● **Required work**
When the line containing "Christmas Printed Schima" appears in the entries below, begin printing there and stop after the line containing "CASONI VINCENZA PADDED"; print each of those lines exactly and no other line.

● **Records supplied**
--- START ---

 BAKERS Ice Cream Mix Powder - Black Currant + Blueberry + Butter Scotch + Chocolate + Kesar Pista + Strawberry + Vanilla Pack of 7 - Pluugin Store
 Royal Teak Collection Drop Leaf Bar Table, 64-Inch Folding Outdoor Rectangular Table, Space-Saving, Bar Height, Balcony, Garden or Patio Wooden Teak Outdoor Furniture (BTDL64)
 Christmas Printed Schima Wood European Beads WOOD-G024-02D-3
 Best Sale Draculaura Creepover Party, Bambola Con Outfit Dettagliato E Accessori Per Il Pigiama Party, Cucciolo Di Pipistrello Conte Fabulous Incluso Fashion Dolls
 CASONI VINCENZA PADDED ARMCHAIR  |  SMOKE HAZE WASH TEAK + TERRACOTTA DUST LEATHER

--- END ---
--- START ---

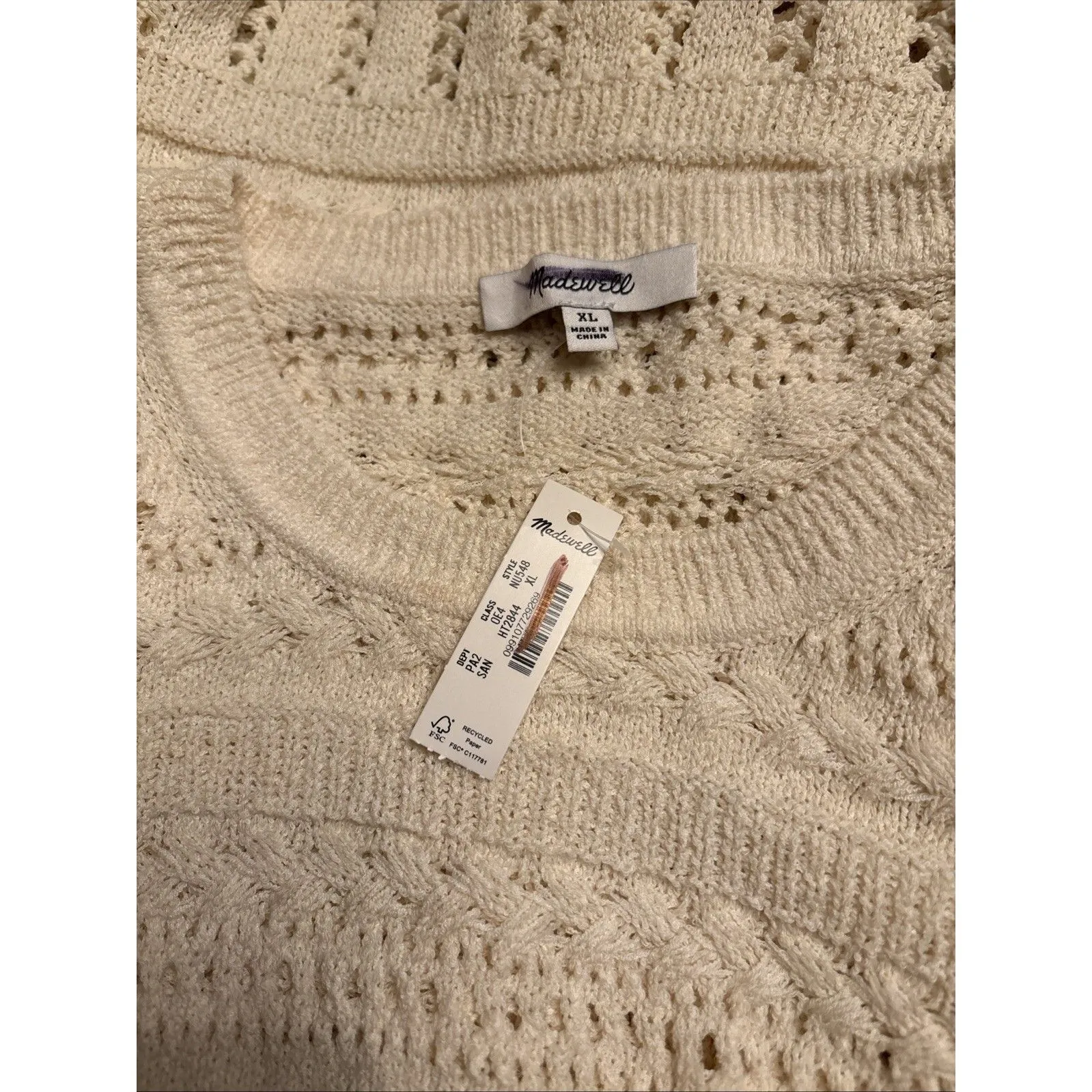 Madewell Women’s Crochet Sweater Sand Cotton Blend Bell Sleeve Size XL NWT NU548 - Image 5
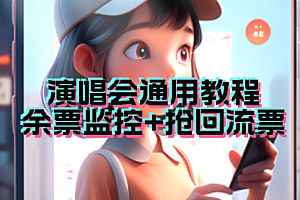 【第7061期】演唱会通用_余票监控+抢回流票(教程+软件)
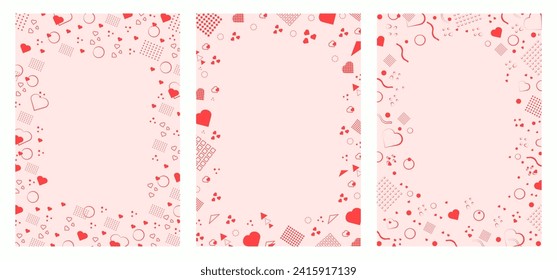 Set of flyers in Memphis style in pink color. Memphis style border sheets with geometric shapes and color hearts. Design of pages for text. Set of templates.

--- END ---
--- START ---

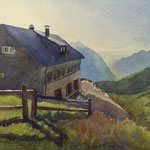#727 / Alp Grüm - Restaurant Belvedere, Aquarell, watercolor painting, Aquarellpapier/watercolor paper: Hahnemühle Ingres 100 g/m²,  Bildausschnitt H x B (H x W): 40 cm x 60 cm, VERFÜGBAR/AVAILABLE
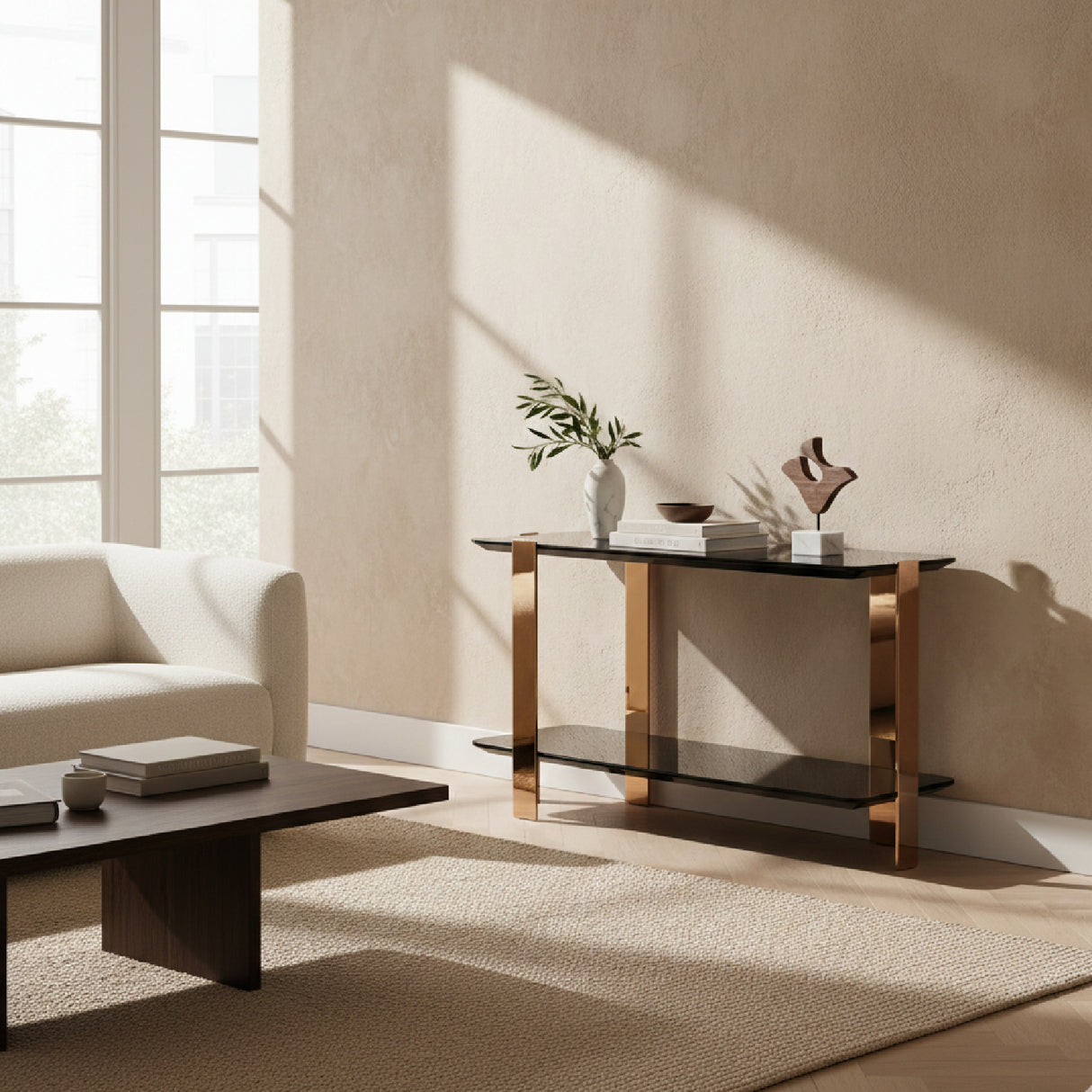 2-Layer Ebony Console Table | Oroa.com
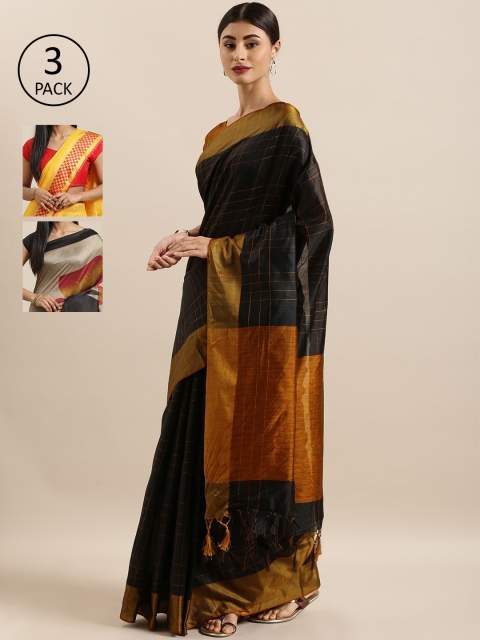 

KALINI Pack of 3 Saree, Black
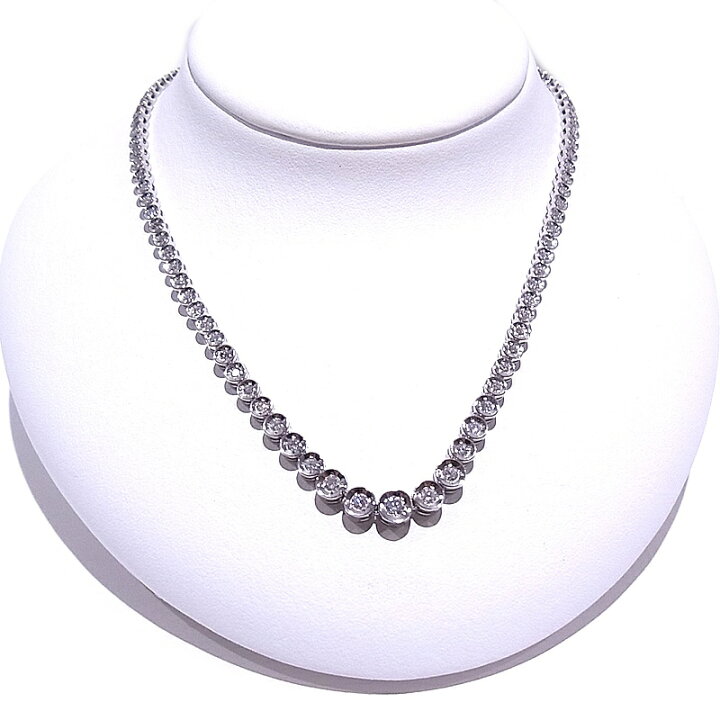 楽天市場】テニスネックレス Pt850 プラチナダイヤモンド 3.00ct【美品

--- END ---

● **Response**
 Christmas Printed Schima Wood European Beads WOOD-G024-02D-3
 Best Sale Draculaura Creepover Party, Bambola Con Outfit Dettagliato E Accessori Per Il Pigiama Party, Cucciolo Di Pipistrello Conte Fabulous Incluso Fashion Dolls
 CASONI VINCENZA PADDED ARMCHAIR  |  SMOKE HAZE WASH TEAK + TERRACOTTA DUST LEATHER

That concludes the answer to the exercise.